Two months, five transactions, one complete capital chain
In terms of specific operations, on February 8, WLFI’s treasury deposited 14 million USD1 as collateral on Dolomite and borrowed 11.4 million USDC. Minutes later, 11.45 million USDC was transferred to a Coinbase Prime deposit address. Coinbase Prime is typically used for converting cryptocurrencies to fiat or institutional OTC trading.
Two days later, WLFI directly transferred 12.5 million USD1 from its treasury to another Coinbase Prime address. This fund did not go through Dolomite lending but directly sent its own issued stablecoin to a fiat exit.
On February 20, WLFI tokens debuted. The treasury deposited 890 million WLFI on Dolomite and borrowed 20 million USD1. On March 24, it added another 1.1 billion WLFI. Combined across two rounds, 1.99 billion WLFI was locked as collateral on Dolomite, and the treasury cumulatively obtained approximately 31.4 million USD stablecoins from the protocol.

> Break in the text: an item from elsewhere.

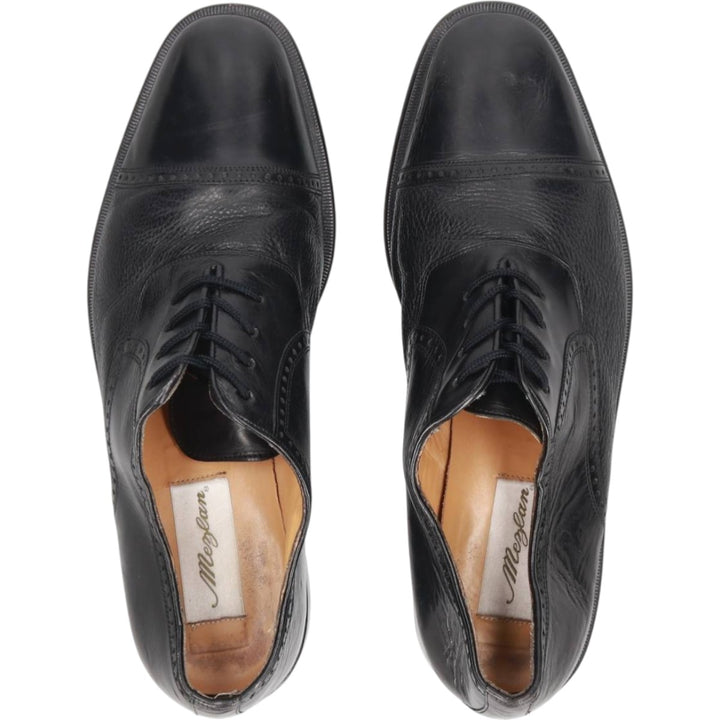 Mezlan Straight Tip Shoes 10M Men's 28.0cm unclear black type Vintage Second Hand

In April, the scale escalated again. On April 2, WLFI’s treasury transferred 2 billion WLFI to a Gnosis Safe proxy wallet (address 0x44a681DD); on April 7, it transferred another 1 billion. These 3 billion tokens are worth approximately 266 million USD at current prices but did not directly enter Dolomite, with the destination unclear.
Adding all lending channels and direct transfers, WLFI has cumulatively mobilized approximately 75 million USD stablecoins through Dolomite and Coinbase Prime.
This choice of protocol was not accidental. Public information shows that Dolomite co-founder Corey Caplan simultaneously serves as a WLFI advisor, and WLFI’s lending platform “WLFI Markets” is also built on the Dolomite protocol. In other words, WLFI borrowed stablecoins it issued on a protocol co-founded by its own advisor, using tokens it issued as collateral.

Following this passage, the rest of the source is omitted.